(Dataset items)

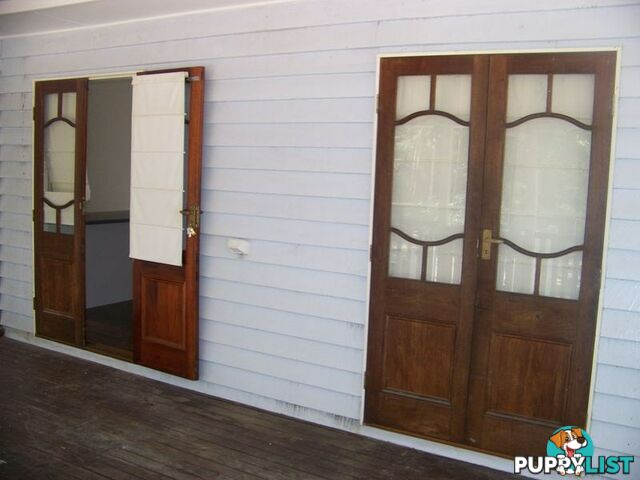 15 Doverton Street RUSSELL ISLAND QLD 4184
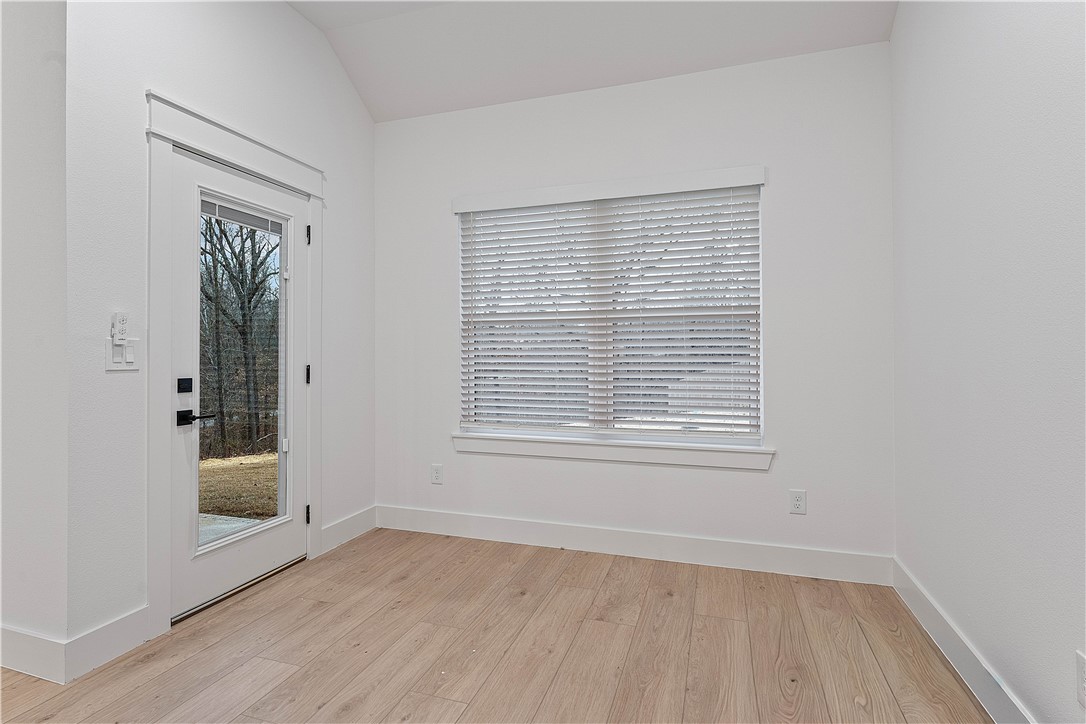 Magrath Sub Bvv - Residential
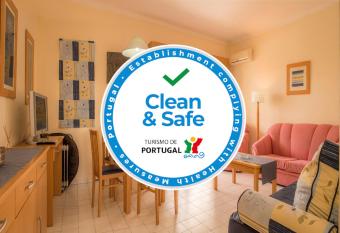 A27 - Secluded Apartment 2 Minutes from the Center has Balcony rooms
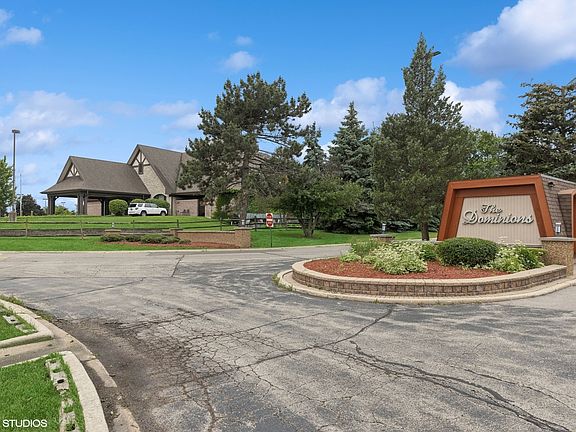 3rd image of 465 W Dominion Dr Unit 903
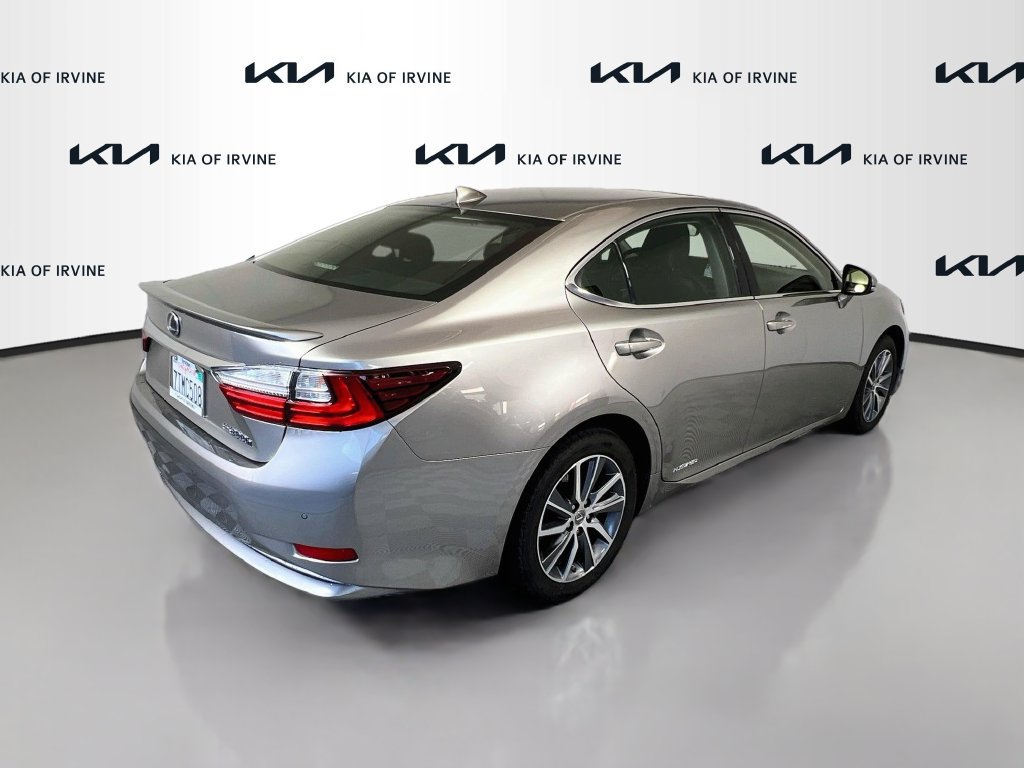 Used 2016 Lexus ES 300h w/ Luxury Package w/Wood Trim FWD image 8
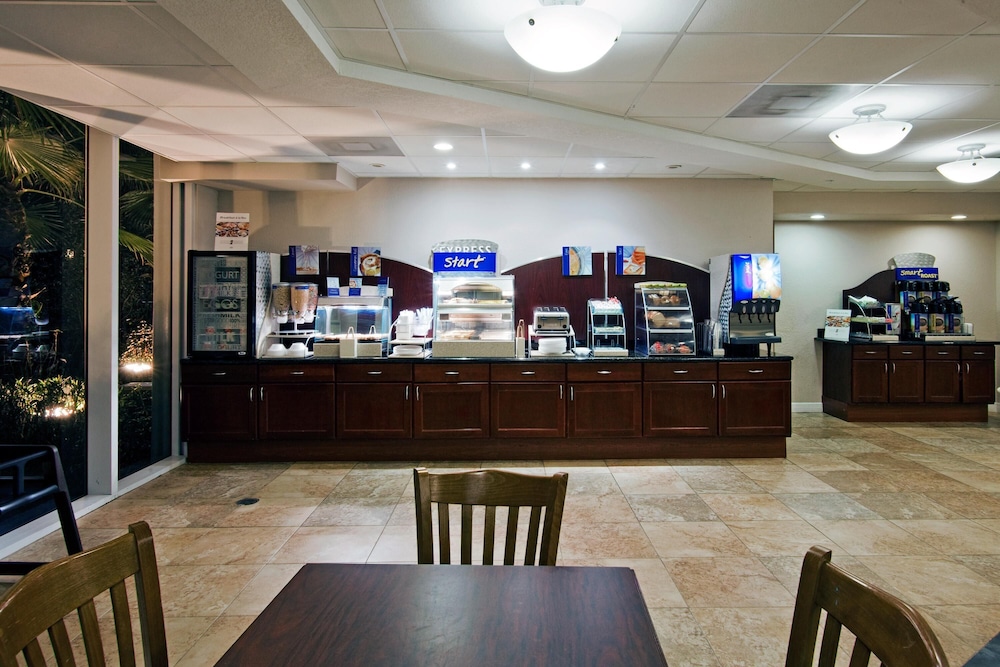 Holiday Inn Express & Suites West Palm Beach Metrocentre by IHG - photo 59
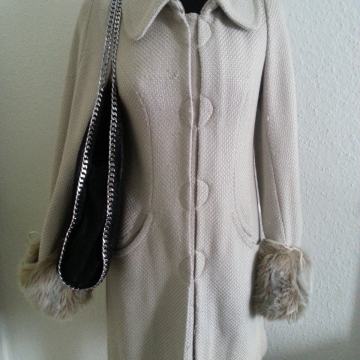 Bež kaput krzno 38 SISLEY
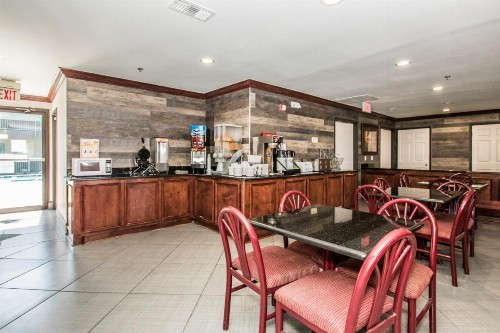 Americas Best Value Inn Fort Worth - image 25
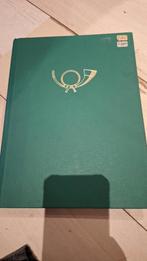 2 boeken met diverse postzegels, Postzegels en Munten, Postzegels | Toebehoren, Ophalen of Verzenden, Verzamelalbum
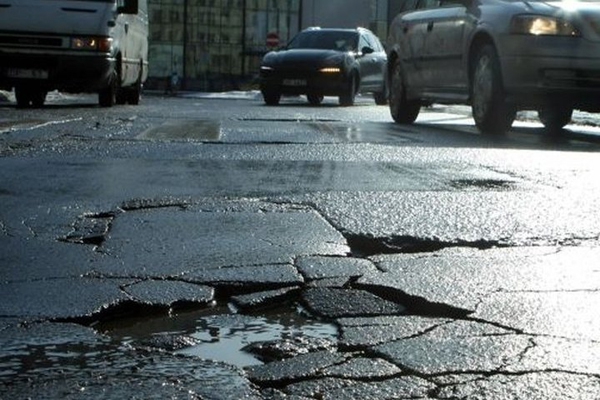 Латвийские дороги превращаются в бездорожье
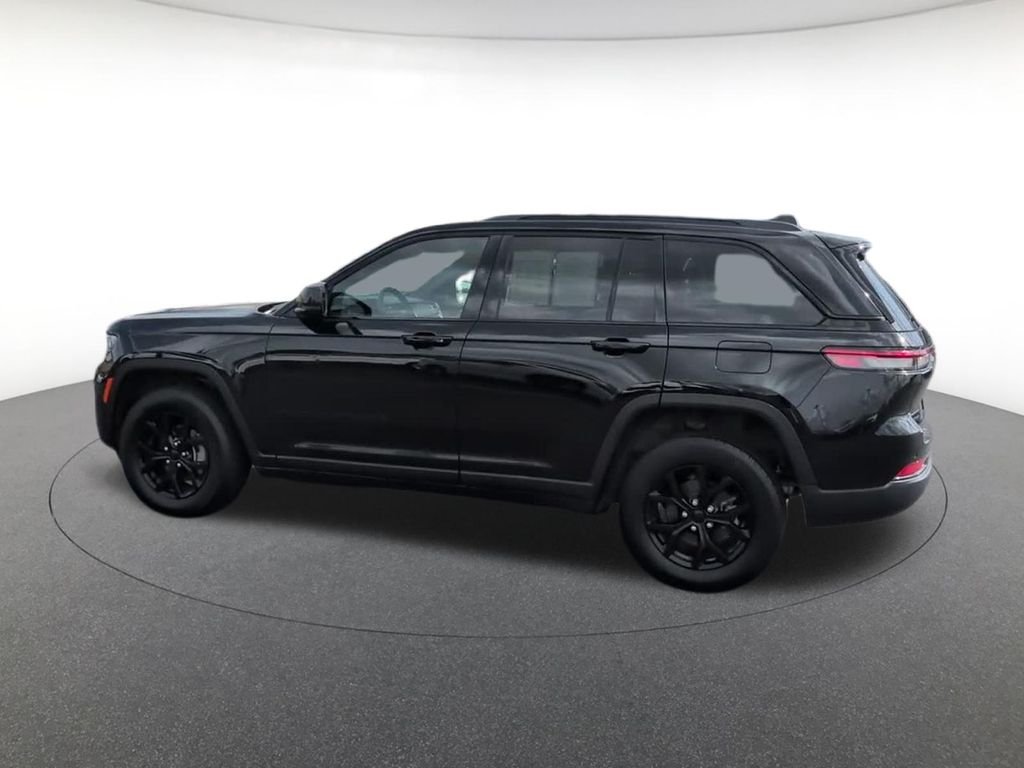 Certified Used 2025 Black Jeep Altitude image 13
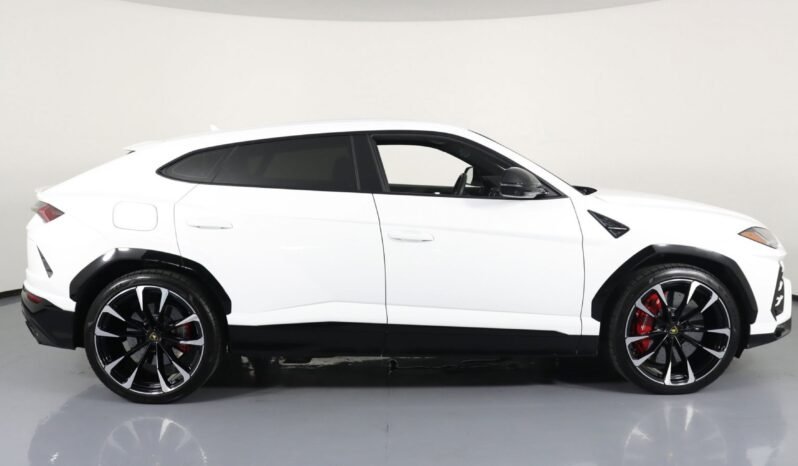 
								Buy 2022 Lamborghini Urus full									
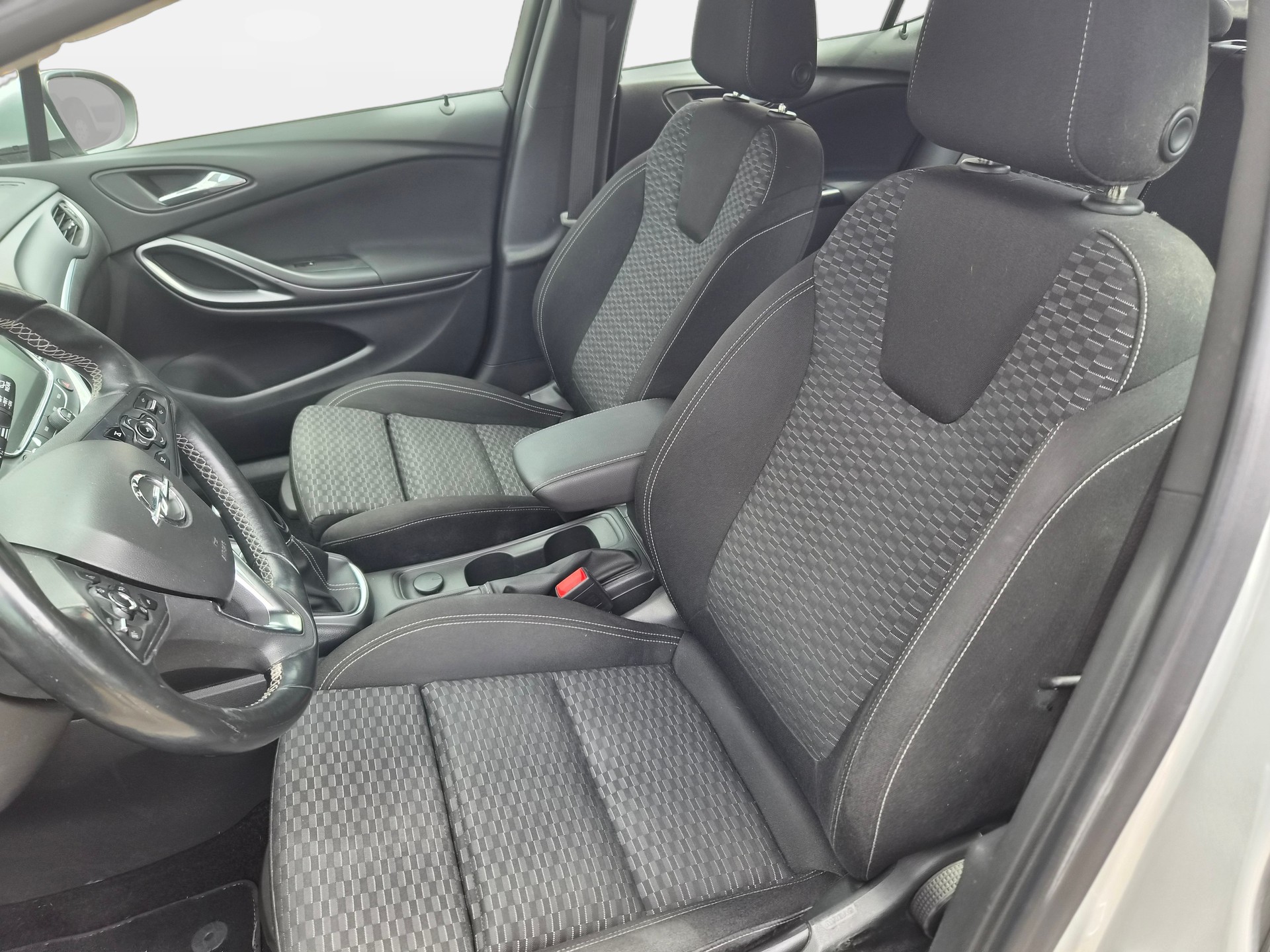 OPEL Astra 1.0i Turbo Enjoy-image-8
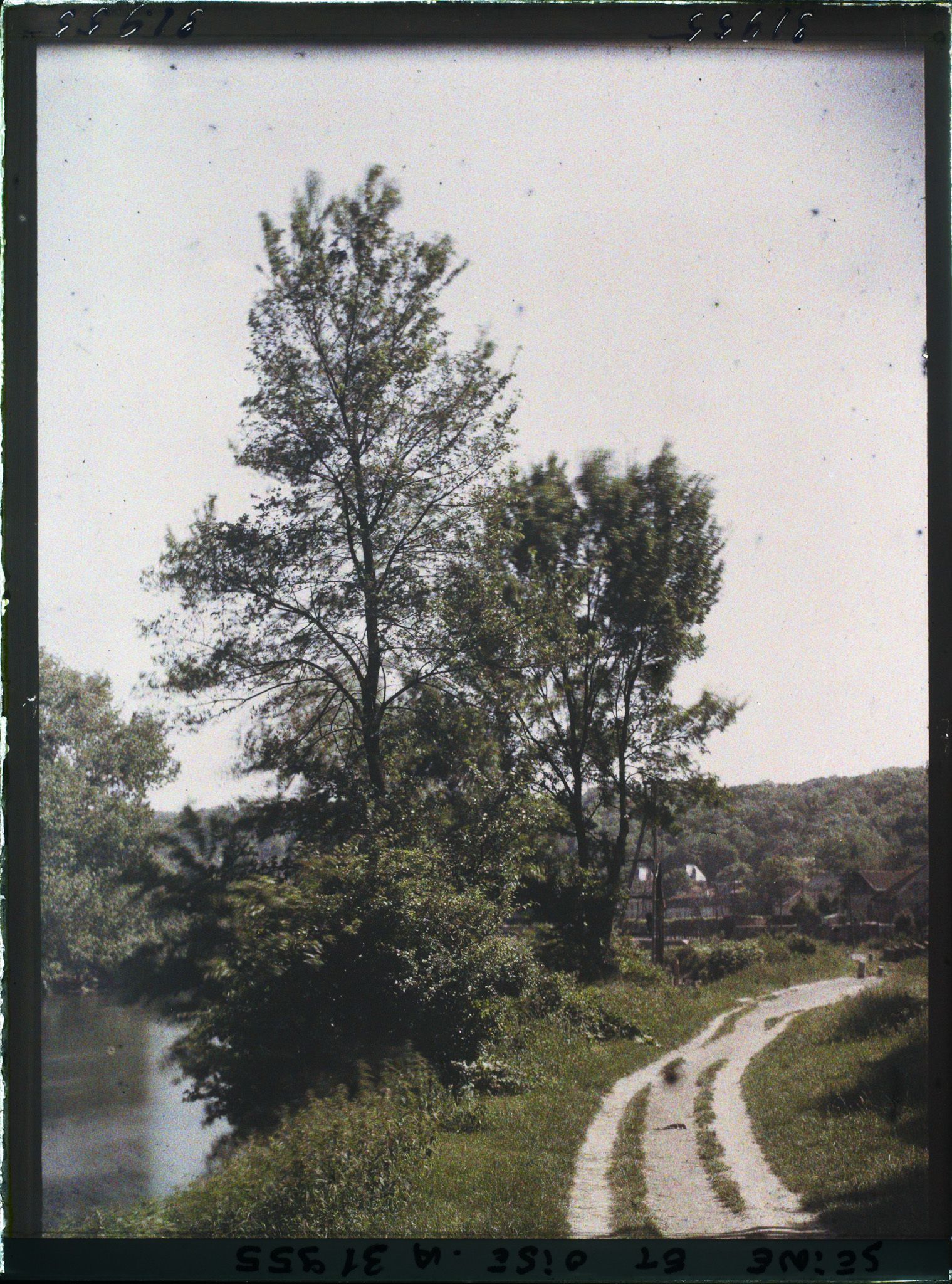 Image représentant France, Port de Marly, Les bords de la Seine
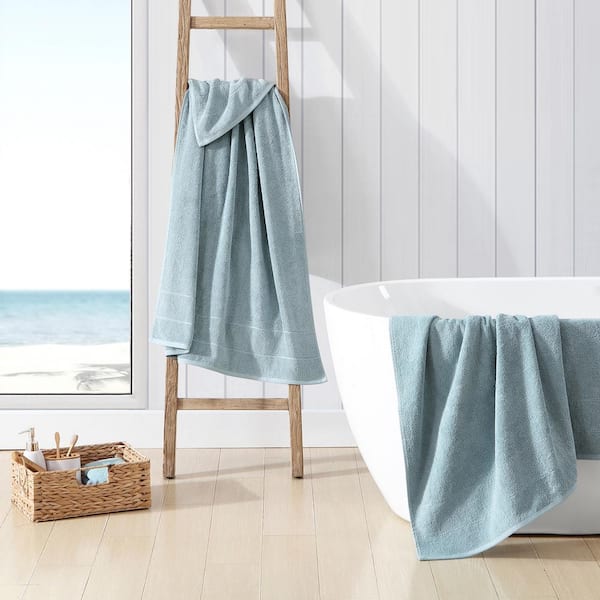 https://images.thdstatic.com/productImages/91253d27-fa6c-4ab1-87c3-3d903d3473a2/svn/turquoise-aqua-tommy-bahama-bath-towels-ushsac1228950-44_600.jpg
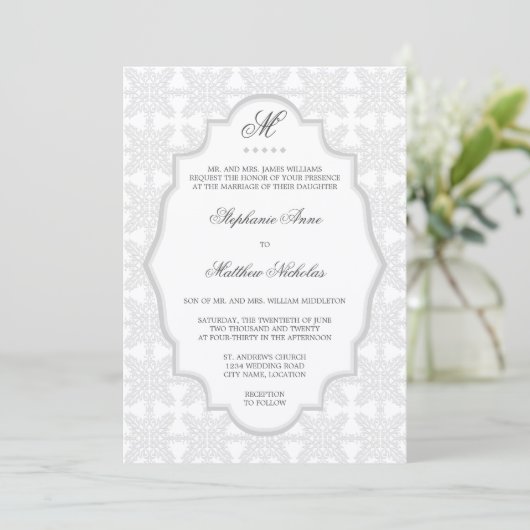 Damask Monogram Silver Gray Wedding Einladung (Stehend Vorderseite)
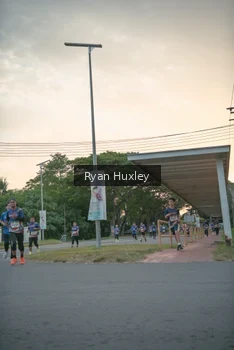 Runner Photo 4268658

**Directions**
Pictures stay out. Return exactly the lines from the one with "Certified Used 2025" through the last line of the data.

**Written answer**
 Certified Used 2025 Black Jeep Altitude image 13
								Buy 2022 Lamborghini Urus full									
 OPEL Astra 1.0i Turbo Enjoy-image-8
 Image représentant France, Port de Marly, Les bords de la Seine
 https://images.thdstatic.com/productImages/91253d27-fa6c-4ab1-87c3-3d903d3473a2/svn/turquoise-aqua-tommy-bahama-bath-towels-ushsac1228950-44_600.jpg
 Damask Monogram Silver Gray Wedding Einladung (Stehend Vorderseite)
 Runner Photo 4268658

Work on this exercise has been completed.